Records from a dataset
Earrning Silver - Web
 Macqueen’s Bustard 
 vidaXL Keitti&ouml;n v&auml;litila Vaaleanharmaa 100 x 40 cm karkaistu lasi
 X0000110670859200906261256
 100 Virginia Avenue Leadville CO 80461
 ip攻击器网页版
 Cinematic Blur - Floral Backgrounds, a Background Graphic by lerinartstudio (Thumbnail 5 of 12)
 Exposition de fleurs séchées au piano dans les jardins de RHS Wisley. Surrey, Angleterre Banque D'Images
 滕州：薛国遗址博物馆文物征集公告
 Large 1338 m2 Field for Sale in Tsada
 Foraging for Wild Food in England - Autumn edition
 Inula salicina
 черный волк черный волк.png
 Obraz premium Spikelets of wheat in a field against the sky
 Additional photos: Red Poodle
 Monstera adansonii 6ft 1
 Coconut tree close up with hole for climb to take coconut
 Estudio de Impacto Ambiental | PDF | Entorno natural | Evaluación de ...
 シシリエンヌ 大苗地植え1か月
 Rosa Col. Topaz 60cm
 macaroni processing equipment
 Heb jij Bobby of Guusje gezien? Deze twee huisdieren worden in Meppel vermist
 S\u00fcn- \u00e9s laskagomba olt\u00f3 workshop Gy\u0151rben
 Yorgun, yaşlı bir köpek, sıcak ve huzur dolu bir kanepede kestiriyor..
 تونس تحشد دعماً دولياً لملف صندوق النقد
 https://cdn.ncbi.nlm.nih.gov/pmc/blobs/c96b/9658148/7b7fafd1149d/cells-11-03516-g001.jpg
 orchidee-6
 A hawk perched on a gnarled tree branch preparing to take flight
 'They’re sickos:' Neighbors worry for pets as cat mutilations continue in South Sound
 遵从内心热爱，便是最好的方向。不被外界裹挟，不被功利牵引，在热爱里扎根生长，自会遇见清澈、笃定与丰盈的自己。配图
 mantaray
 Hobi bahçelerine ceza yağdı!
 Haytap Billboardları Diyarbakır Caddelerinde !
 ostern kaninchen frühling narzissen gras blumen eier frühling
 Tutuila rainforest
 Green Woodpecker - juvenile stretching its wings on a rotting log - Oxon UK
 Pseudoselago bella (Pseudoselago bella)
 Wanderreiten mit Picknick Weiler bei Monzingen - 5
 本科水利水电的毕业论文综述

_Exercise instructions_
Would you please copy exactly the part of the entries above that begins at the line containing "черный волк черный волк.png" and ends at the line containing "Haytap Billboardları Diyarbakır", both lines included?

_Solution_
 черный волк черный волк.png
 Obraz premium Spikelets of wheat in a field against the sky
 Additional photos: Red Poodle
 Monstera adansonii 6ft 1
 Coconut tree close up with hole for climb to take coconut
 Estudio de Impacto Ambiental | PDF | Entorno natural | Evaluación de ...
 シシリエンヌ 大苗地植え1か月
 Rosa Col. Topaz 60cm
 macaroni processing equipment
 Heb jij Bobby of Guusje gezien? Deze twee huisdieren worden in Meppel vermist
 S\u00fcn- \u00e9s laskagomba olt\u00f3 workshop Gy\u0151rben
 Yorgun, yaşlı bir köpek, sıcak ve huzur dolu bir kanepede kestiriyor..
 تونس تحشد دعماً دولياً لملف صندوق النقد
 https://cdn.ncbi.nlm.nih.gov/pmc/blobs/c96b/9658148/7b7fafd1149d/cells-11-03516-g001.jpg
 orchidee-6
 A hawk perched on a gnarled tree branch preparing to take flight
 'They’re sickos:' Neighbors worry for pets as cat mutilations continue in South Sound
 遵从内心热爱，便是最好的方向。不被外界裹挟，不被功利牵引，在热爱里扎根生长，自会遇见清澈、笃定与丰盈的自己。配图
 mantaray
 Hobi bahçelerine ceza yağdı!
 Haytap Billboardları Diyarbakır Caddelerinde !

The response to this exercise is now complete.